「心理学界のブラックジャックとの出会い」
言葉の魔術師、それが長谷川泰三先生の印象だった。言葉だけでこんなにも癒され、感動し、涙するものだったとは思いもしなかった。
当時の僕は、全てを妻のせいにしていた。
妻の過酷な半生が、夫婦仲が上手くいかない原因だと、僕に原因があったとは思いもしなかった。お互いに冷めきっていて離婚を考えてました。2人を繋ぎ止めてるのは、子供だけだった。
僕の身の上話をすると涙を流す方がいる・・・なんで?意味が分からない。そんなに悲しいことかな?
感情を凍らせていた僕は、一生懸命に助けようとしていた妻に八つ当たりをしていたらしい。

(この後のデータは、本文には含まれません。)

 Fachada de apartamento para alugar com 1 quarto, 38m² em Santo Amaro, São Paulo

(正直あまり覚えてないんです、無意識だったみたいで(-。-;)
のちに分かった事だが、自分に一番近い人(理解してくれそうな人)に当たるらしい。
当たる(攻撃)=助けて (最初は意味が分からなかった。)
【助けてが言えない】
助けて欲しかったら、素直に助けて!って言えばいいじゃん♪って思うでしょ?
本当に人の心は複雑で、心の声を素直に出せたら、どれだけ楽か・・・ってか、それさえも理解できてなかったから、どうしようもなかったんだよね~(><;)
「助けて」が言えなかった、だって誰も助けてくれなかったし、言ったら自分が崩れてしまうのを本能的に察してたんだと思う。

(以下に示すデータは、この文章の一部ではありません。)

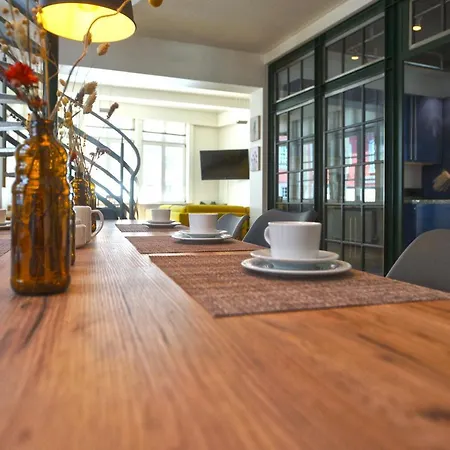 Loft13 Traumhafte Mit Terrasse Fuer 4 Gaeste アパート *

男気が強く、皆に頼られて、強い自分でなければいけない。涙なんて禁物、甘えなど許されない。片意地張って生きてきた。そんな人間だったと思う。
(泰三先生):「俺と一緒やな~、まるでゴルゴ13やん!背中に「孤独」って書いてあるで~」
言葉が胸に響いた。絶対に心の内を見られたくなかった、弱気を見せたら今まで踏ん張ってやってきたことが、崩壊すると思ってた。
ましてや人前で涙を流すなんて想像がつかなかった、何を言われても泣かない自信があった。
【自分がこんなに苦しんでたなんて】
でも、言葉の魔術師には完敗だった。
気付いてない心の奥底に沈めたはずの色んな感情が、次から次へと沸き出てきた。
頭の中で「もうやめて!それ以上何も言わないで!」涙が堰を切ったようにとめどなく流れた。

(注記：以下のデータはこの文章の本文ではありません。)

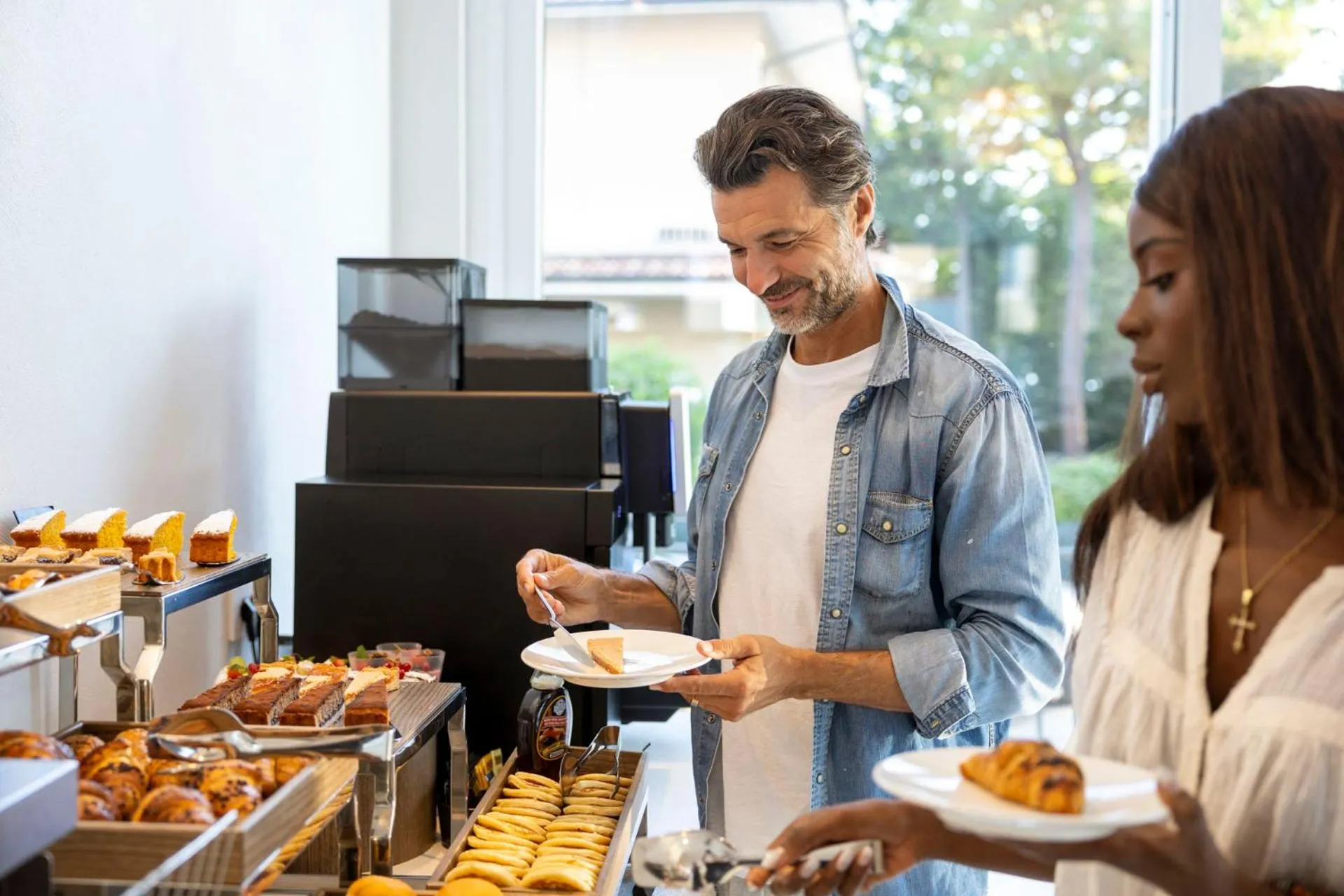 Breakfast in Hi Hotels Sirmione - Lakeview Pool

自分自身がこんなにも苦しんでたなんて想像もしなかった…
正直、人前で泣くなんて、恥ずかしさと、情けなさ、弱い人間だ、って思われるみたいで、すごくすご~く嫌だったが、時間の経過と共に、胸が少しスッ~とした。
今から思えば、当時の僕は、感情が凍っていた為、怒ることさえ忘れていたらしい。
(泰三先生):「皆さん、怒るときって、どういう時ですか?」
の質問に、僕だけが答えられなかった。
(泰三先生):「は~い、ここに怒ることさえ忘れてしまった人がいま~す♪」
と言われた事を思い出した。
5年前に泰三先生は他界されてしまいましたが、引き続き奥様の友子先生が「禅心理学」として、パッチまーくんで講座を開催してくれている。生徒も現在10名程。ありがたや。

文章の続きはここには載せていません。